→ GOAL OF THE EXERCISE:
Look below for the line holding "Длинный ковер красивого цвета" and the line holding "إدريسا غي خلال". Transcribe exactly those lines and all lines between them, nothing more.

→ INPUT MATERIAL:

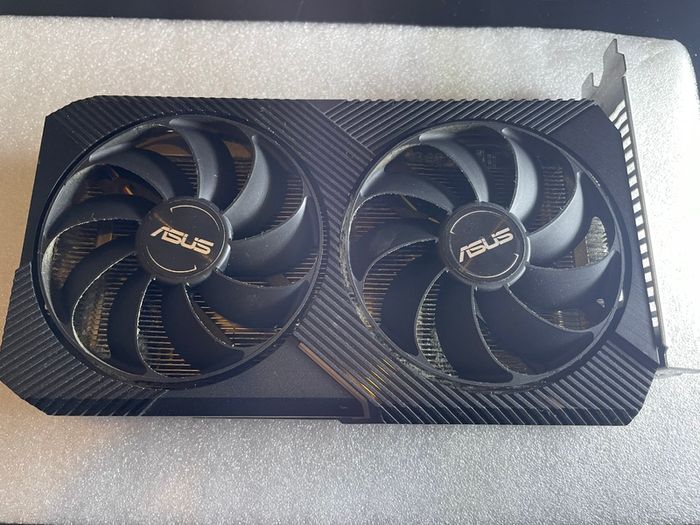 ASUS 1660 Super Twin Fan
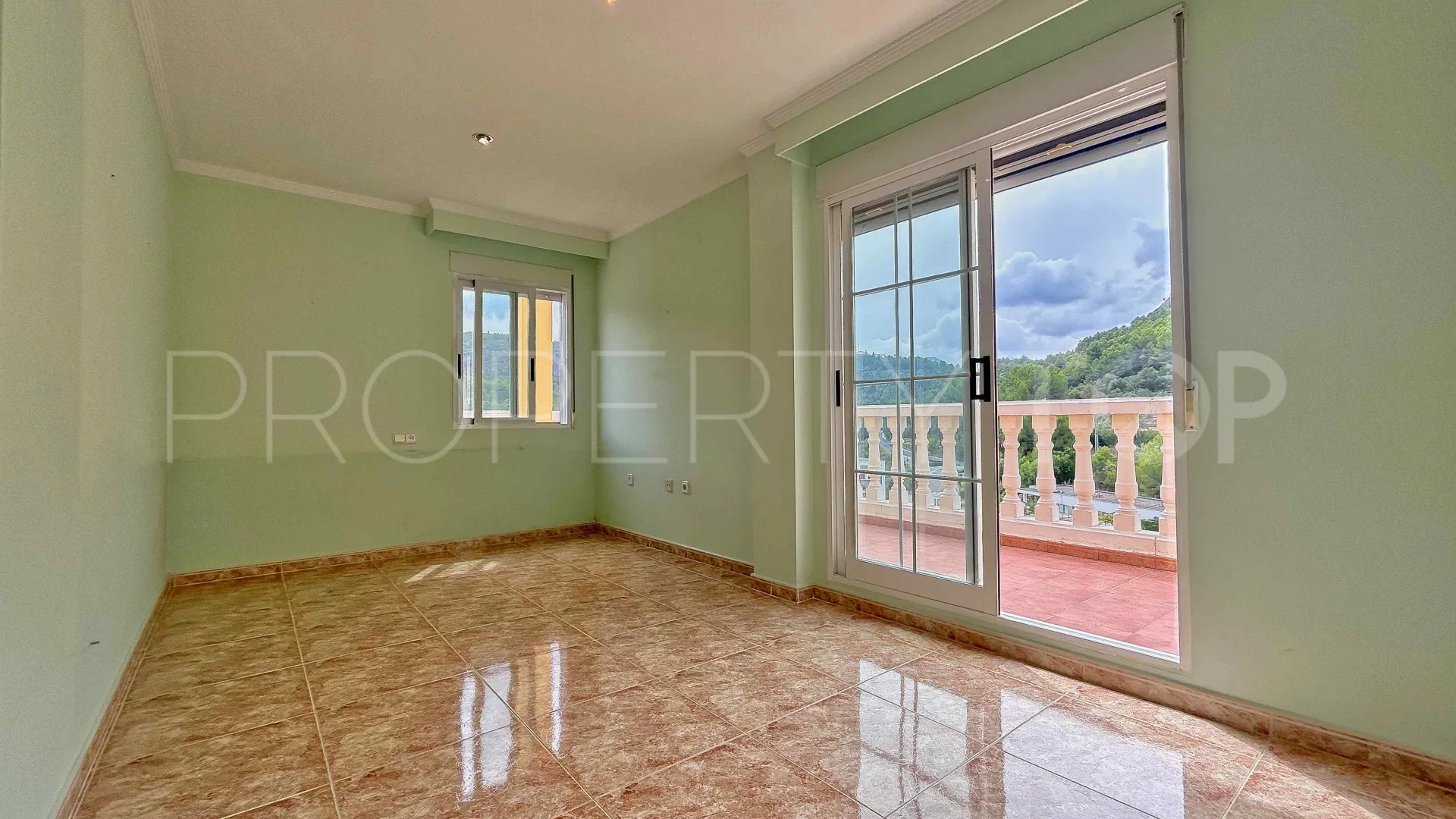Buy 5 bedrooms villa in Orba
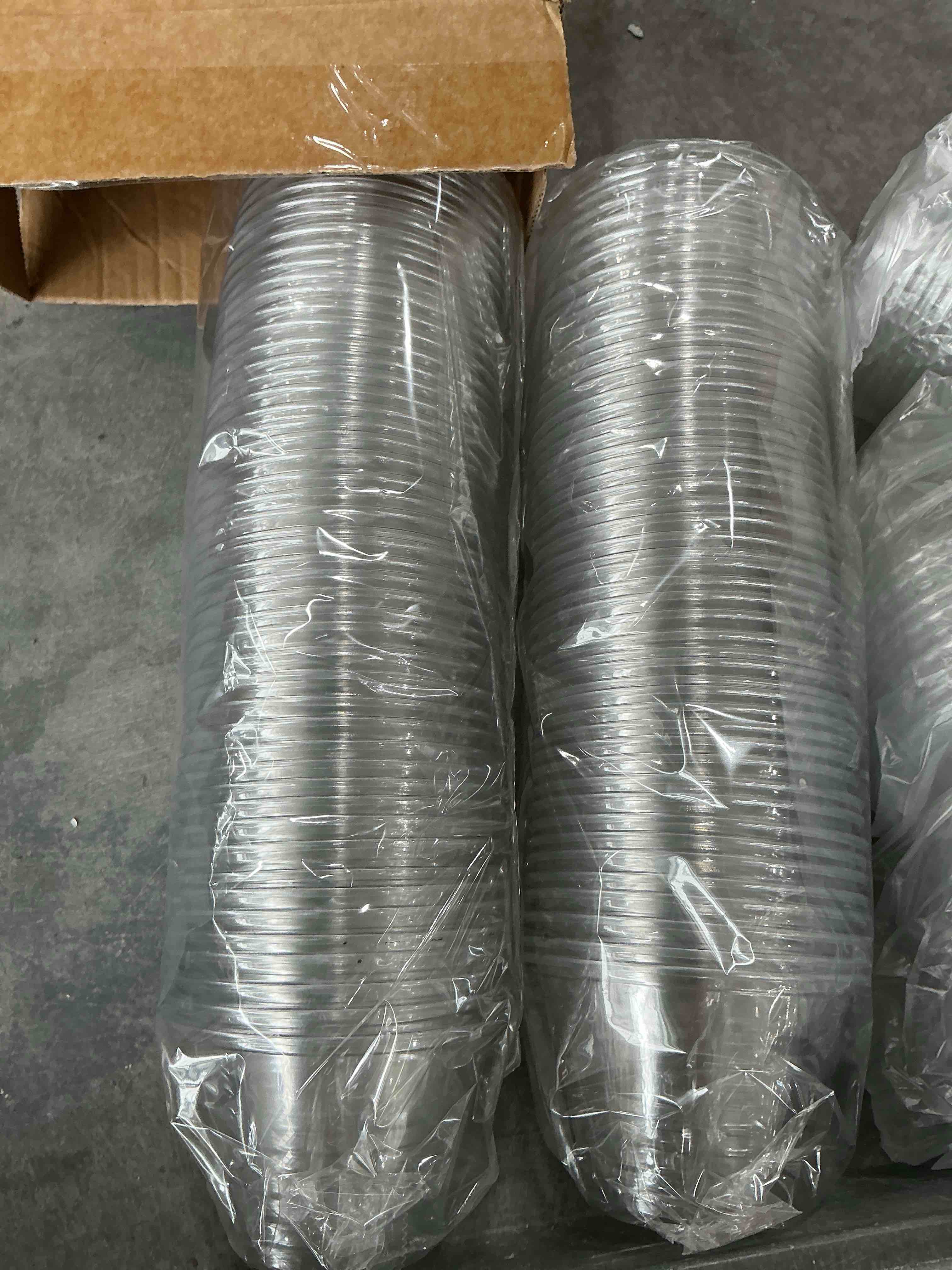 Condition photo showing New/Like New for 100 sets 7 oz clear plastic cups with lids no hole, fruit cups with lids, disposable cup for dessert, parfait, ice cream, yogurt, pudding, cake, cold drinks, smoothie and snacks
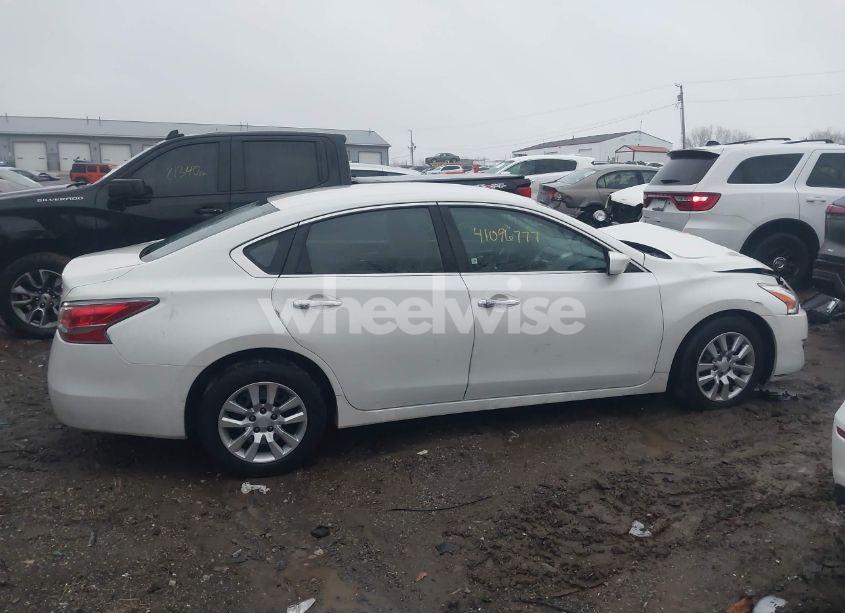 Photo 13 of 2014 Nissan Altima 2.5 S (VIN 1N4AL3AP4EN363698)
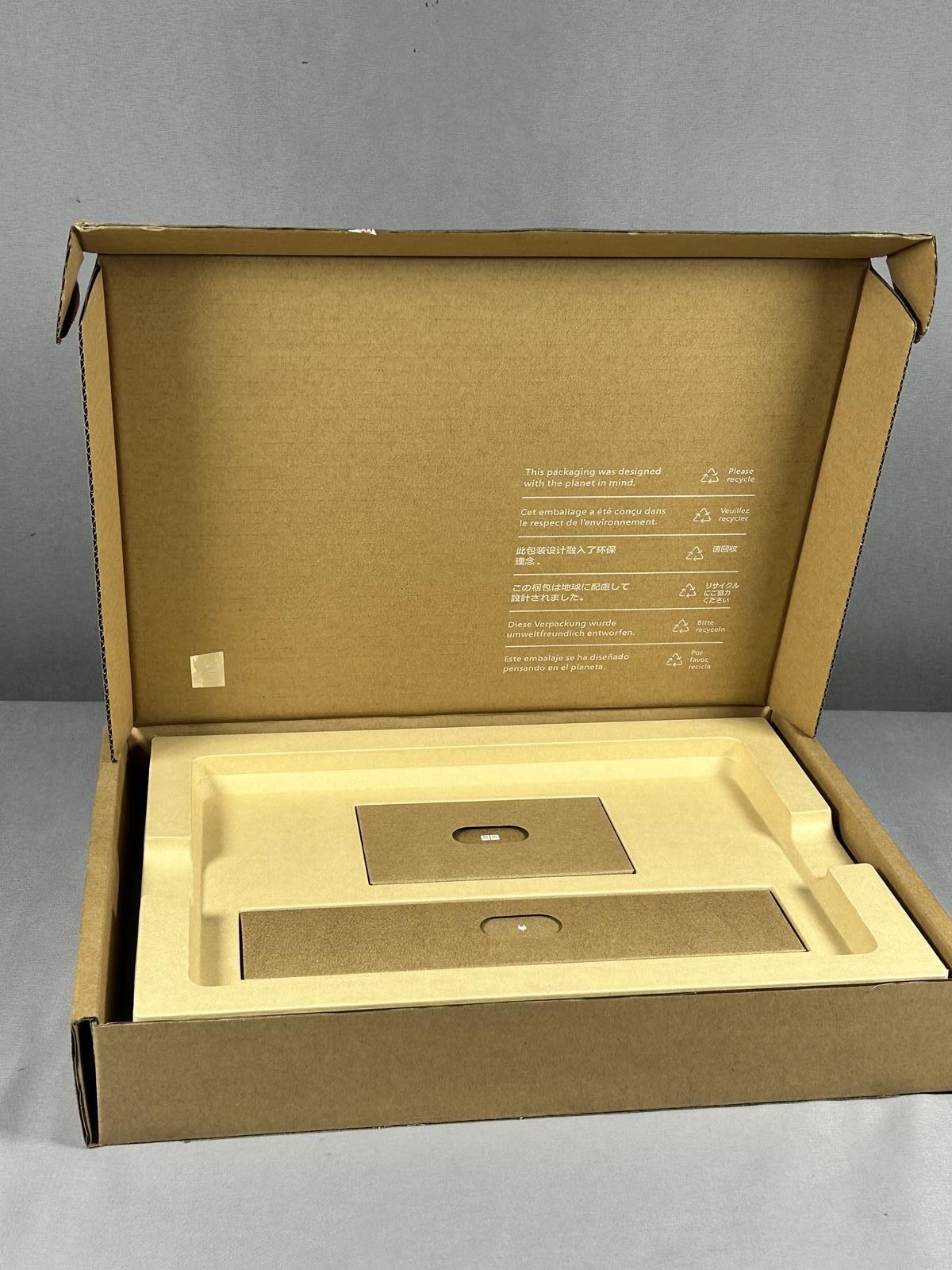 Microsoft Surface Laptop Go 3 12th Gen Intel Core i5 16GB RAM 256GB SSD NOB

--

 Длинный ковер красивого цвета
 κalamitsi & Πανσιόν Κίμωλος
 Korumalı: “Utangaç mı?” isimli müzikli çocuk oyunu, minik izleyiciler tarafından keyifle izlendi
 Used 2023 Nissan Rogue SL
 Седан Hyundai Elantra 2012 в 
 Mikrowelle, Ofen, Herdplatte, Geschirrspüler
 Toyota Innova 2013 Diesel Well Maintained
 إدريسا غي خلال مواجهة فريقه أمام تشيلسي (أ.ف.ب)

→ SOLUTION TO THE PROBLEM:
 Длинный ковер красивого цвета
 κalamitsi & Πανσιόν Κίμωλος
 Korumalı: “Utangaç mı?” isimli müzikli çocuk oyunu, minik izleyiciler tarafından keyifle izlendi
 Used 2023 Nissan Rogue SL
 Седан Hyundai Elantra 2012 в 
 Mikrowelle, Ofen, Herdplatte, Geschirrspüler
 Toyota Innova 2013 Diesel Well Maintained
 إدريسا غي خلال مواجهة فريقه أمام تشيلسي (أ.ف.ب)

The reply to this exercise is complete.